Action item
Please reproduce the lines of the records below from the one holding "2.1m Advertising Giant" through the one holding "Ensemble À Manger", inclusive, skipping all pictures.

BEGIN Source information

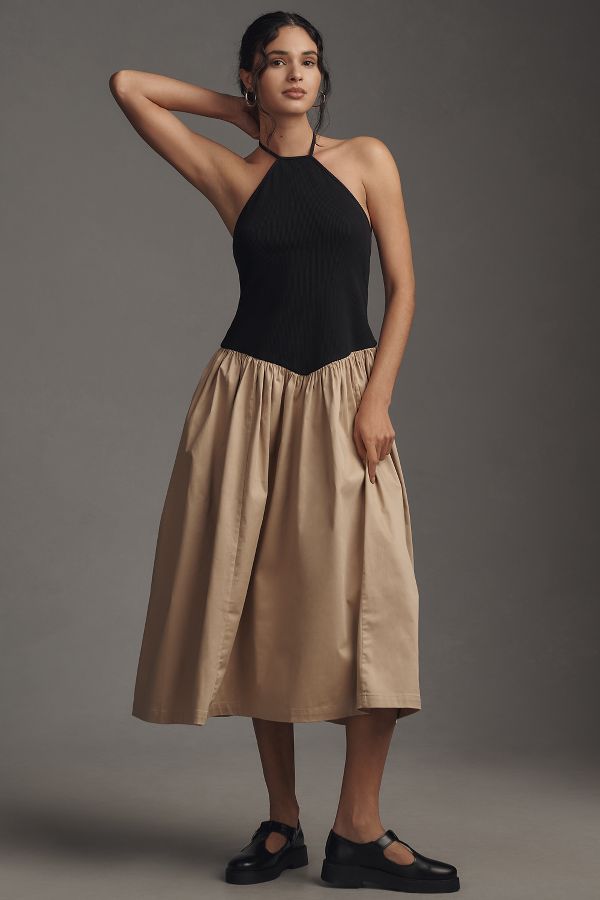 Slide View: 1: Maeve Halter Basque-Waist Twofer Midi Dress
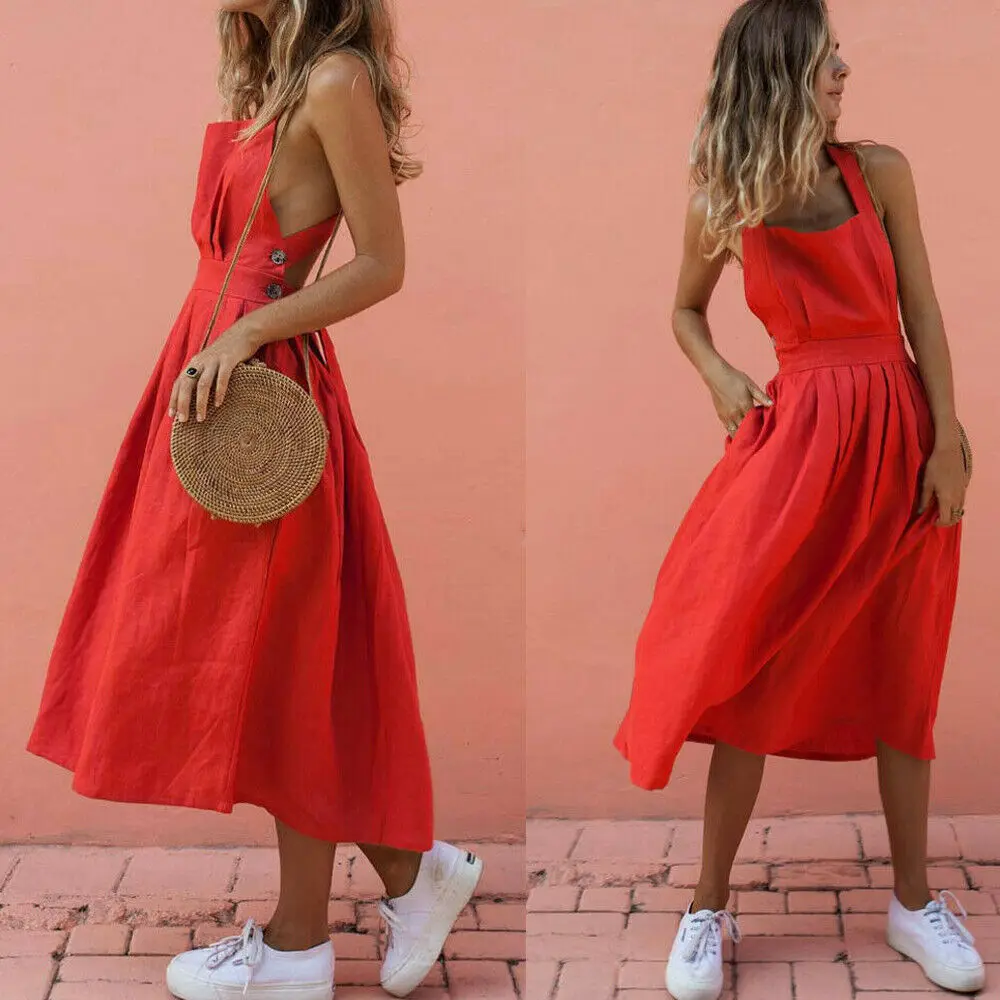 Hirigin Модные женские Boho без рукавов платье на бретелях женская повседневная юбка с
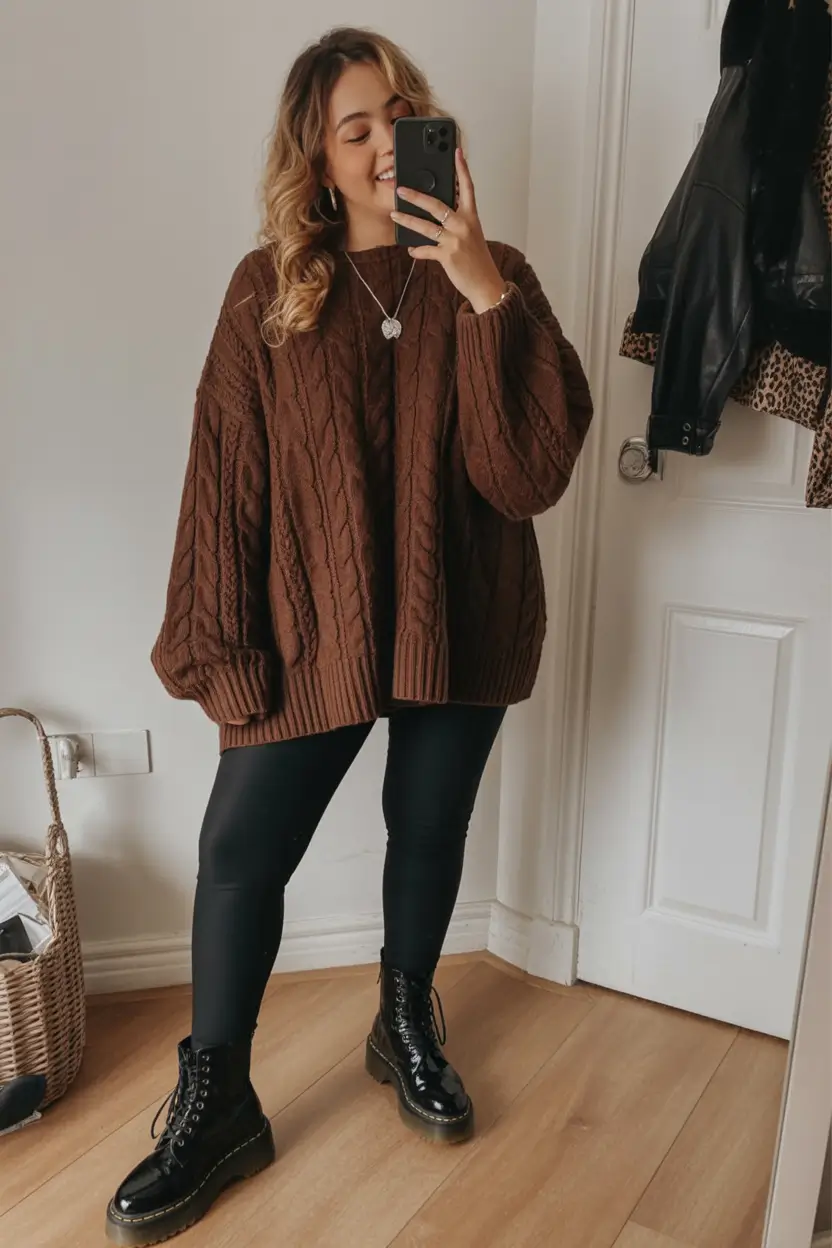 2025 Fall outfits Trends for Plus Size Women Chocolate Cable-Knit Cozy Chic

END Source information
BEGIN Source information

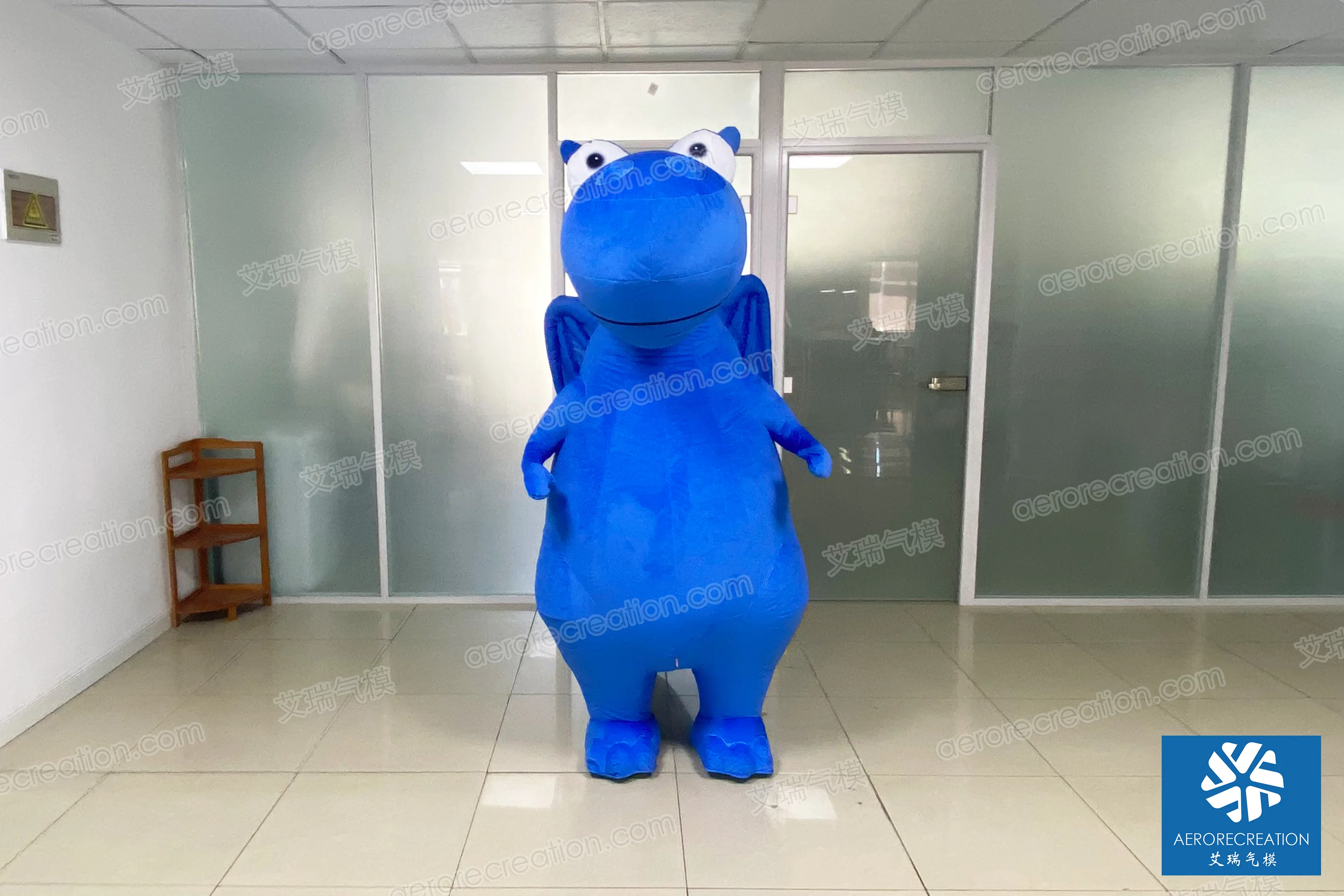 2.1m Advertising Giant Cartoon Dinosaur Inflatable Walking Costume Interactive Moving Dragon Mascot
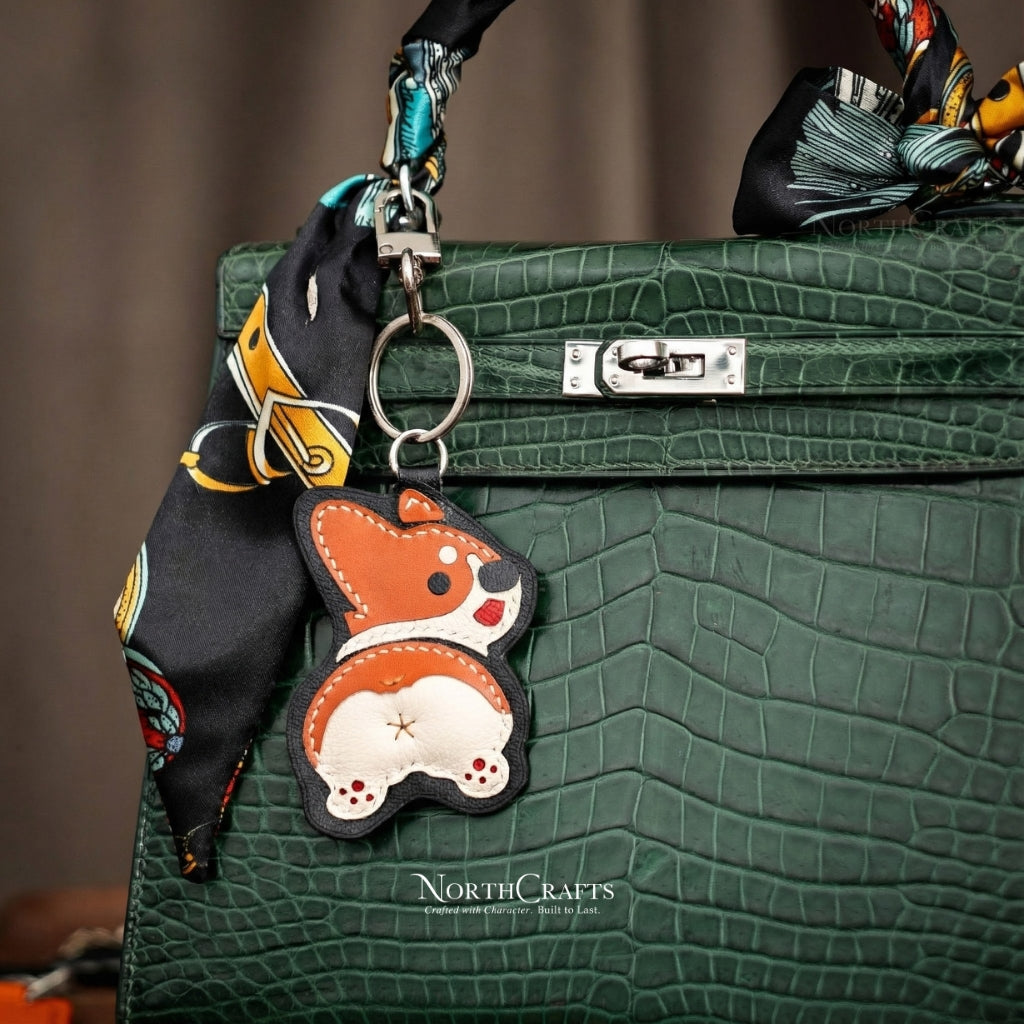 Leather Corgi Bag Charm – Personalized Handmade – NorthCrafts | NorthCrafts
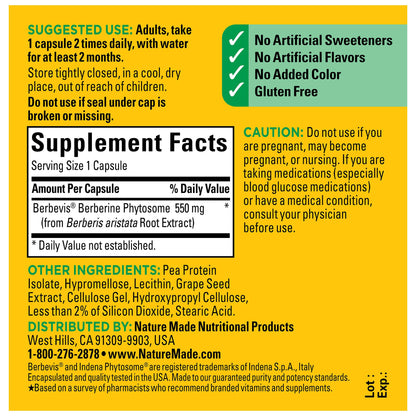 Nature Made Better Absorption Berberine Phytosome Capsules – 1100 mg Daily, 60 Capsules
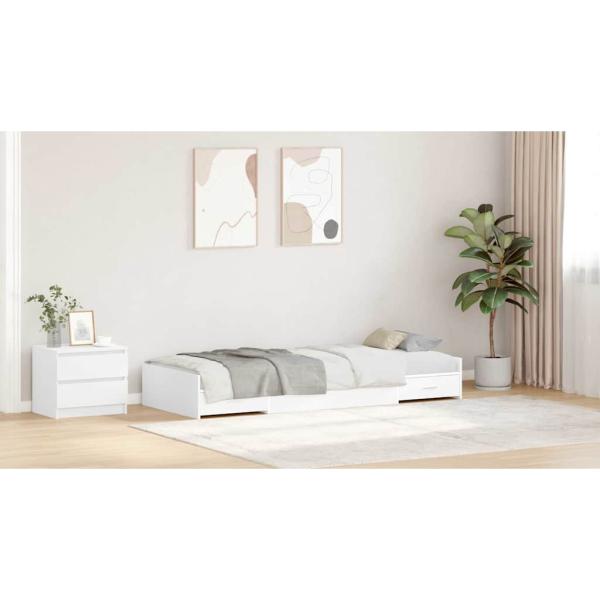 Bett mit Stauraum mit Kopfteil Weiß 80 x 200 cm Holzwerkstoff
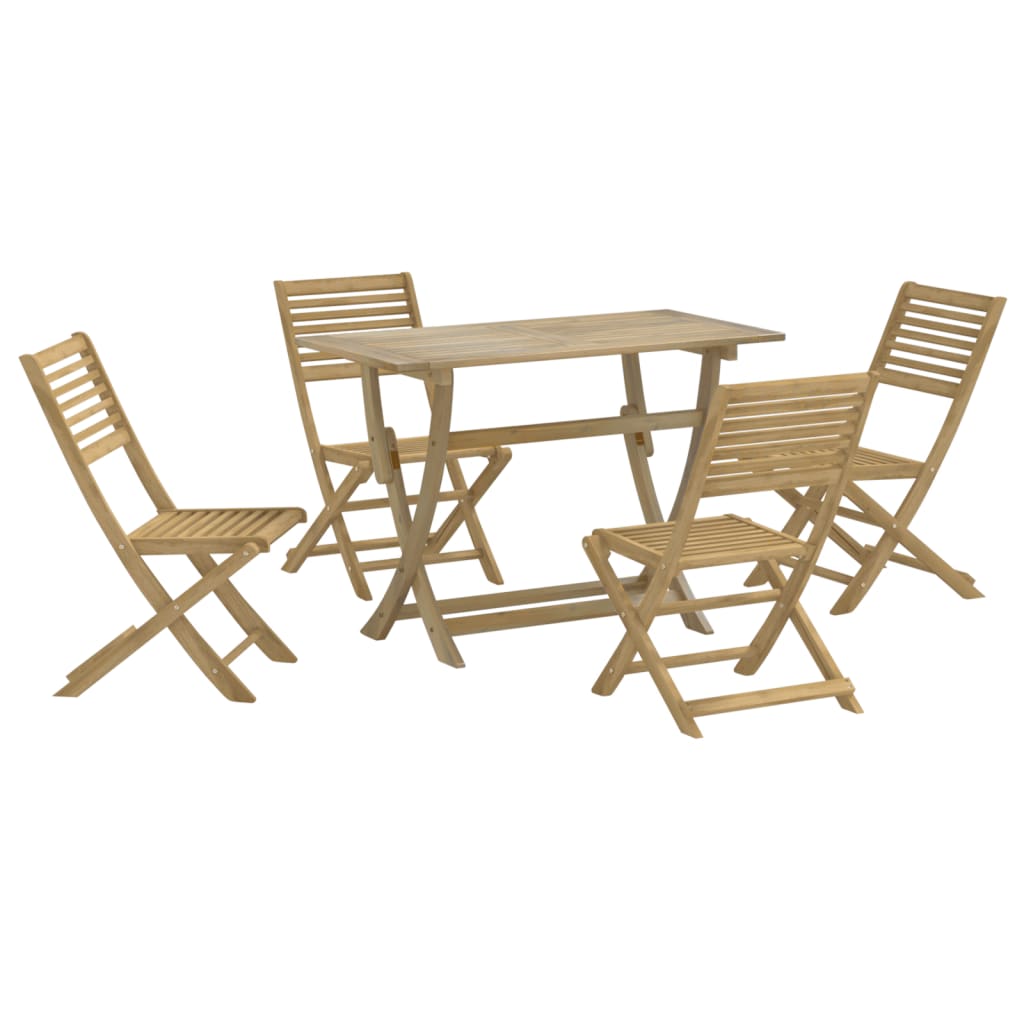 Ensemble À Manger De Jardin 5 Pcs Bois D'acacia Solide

END Source information
BEGIN Source information

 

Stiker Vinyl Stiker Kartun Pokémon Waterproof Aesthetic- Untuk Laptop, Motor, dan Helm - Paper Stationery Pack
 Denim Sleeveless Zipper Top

END Source information

Response
 2.1m Advertising Giant Cartoon Dinosaur Inflatable Walking Costume Interactive Moving Dragon Mascot
 Leather Corgi Bag Charm – Personalized Handmade – NorthCrafts | NorthCrafts
 Nature Made Better Absorption Berberine Phytosome Capsules – 1100 mg Daily, 60 Capsules
 Bett mit Stauraum mit Kopfteil Weiß 80 x 200 cm Holzwerkstoff
 Ensemble À Manger De Jardin 5 Pcs Bois D'acacia Solide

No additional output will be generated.